(BRIEF):
Print the lines in the listing below starting at the line with "Skull hippie colorful" and ending at the line with "Pleated Mini Dress", both included. Reproduce them exactly and omit every picture.

[INFORMATION SHOWN — start]

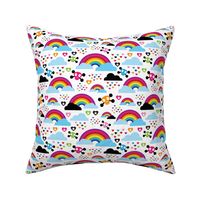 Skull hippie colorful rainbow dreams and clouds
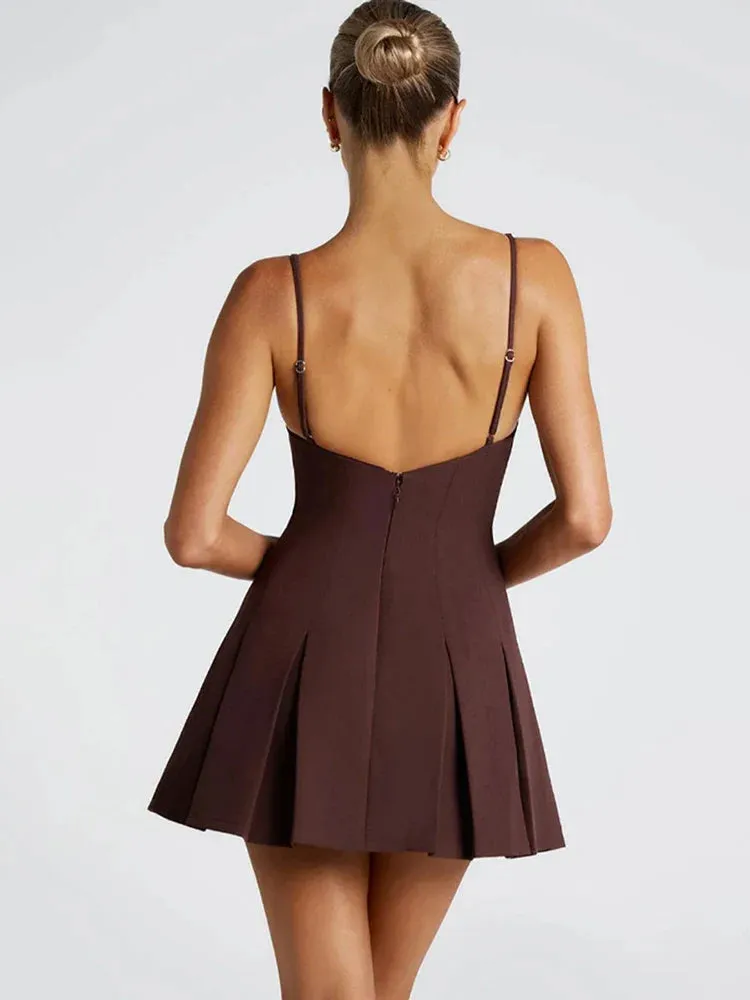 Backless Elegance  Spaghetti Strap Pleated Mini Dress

[INFORMATION SHOWN — finish]
[INFORMATION SHOWN — start]

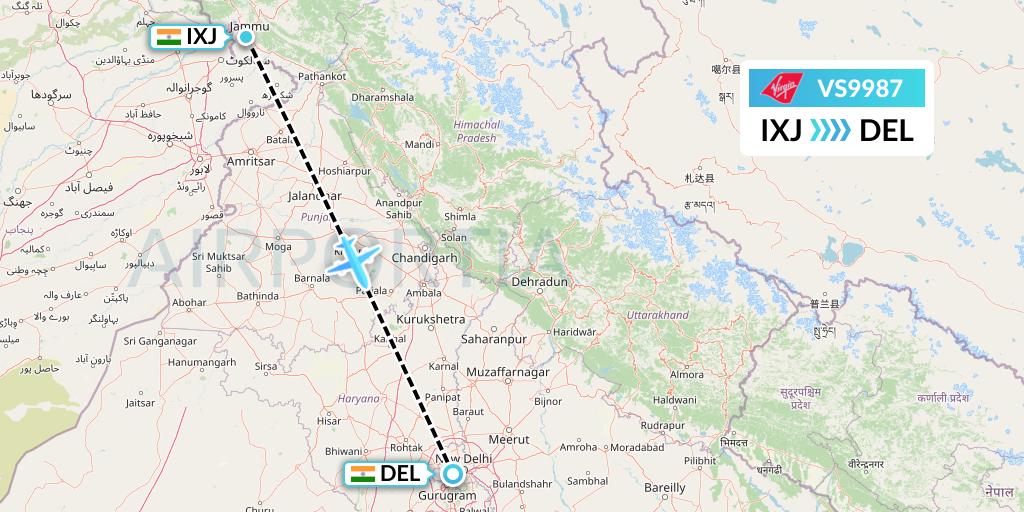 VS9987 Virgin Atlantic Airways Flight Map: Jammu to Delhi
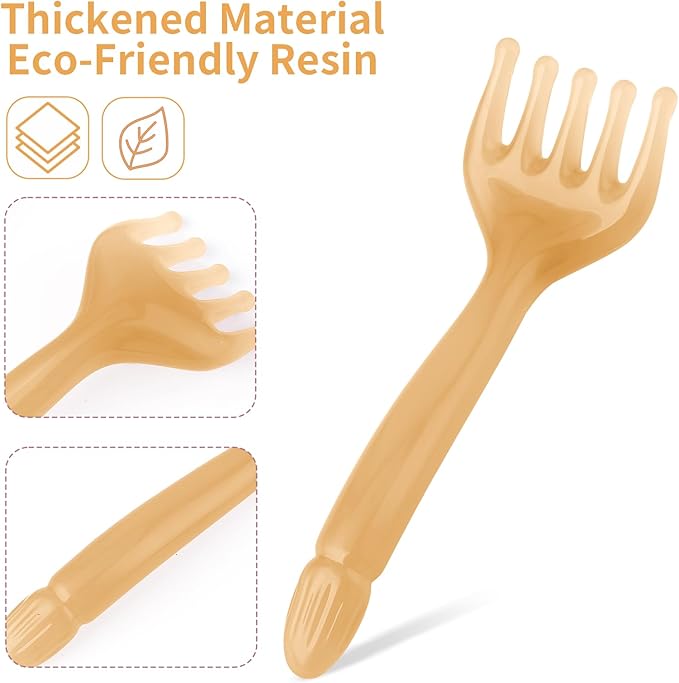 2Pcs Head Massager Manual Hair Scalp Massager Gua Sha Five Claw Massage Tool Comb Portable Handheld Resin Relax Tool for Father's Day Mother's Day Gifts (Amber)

[INFORMATION SHOWN — finish]
[INFORMATION SHOWN — start]

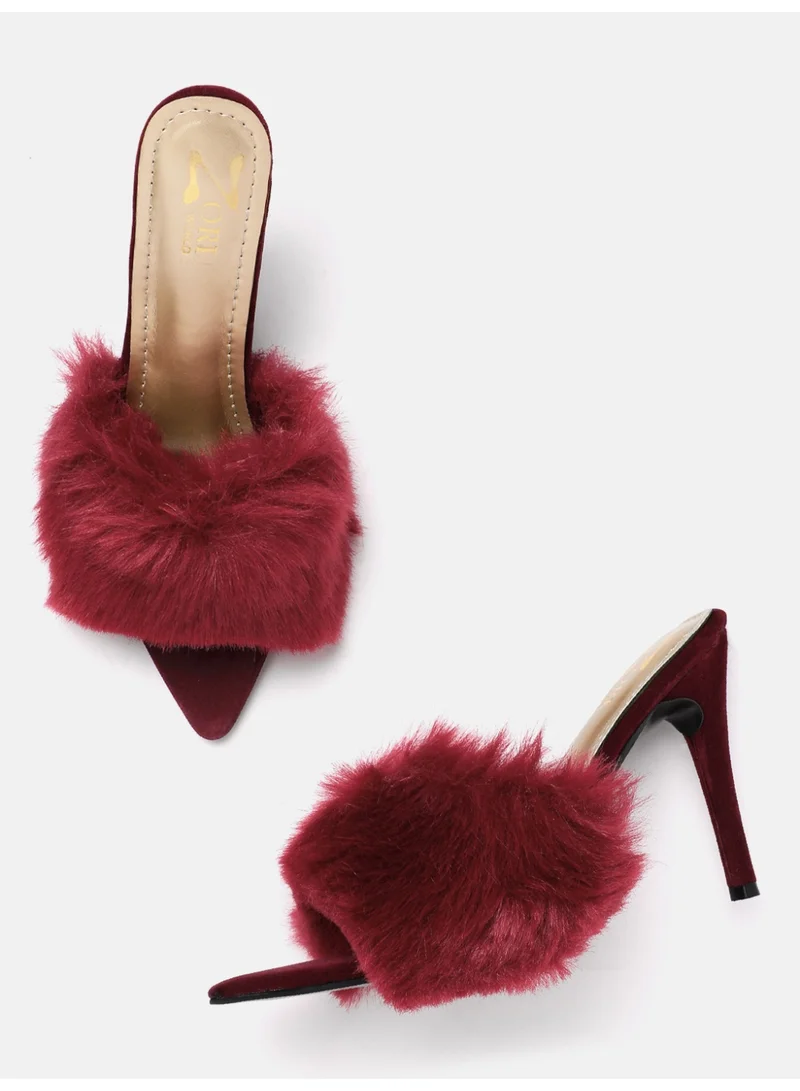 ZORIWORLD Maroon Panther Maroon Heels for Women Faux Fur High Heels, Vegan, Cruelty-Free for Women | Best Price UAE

[INFORMATION SHOWN — finish]

(RESULT FOR THIS TASK):
 Skull hippie colorful rainbow dreams and clouds
 Backless Elegance  Spaghetti Strap Pleated Mini Dress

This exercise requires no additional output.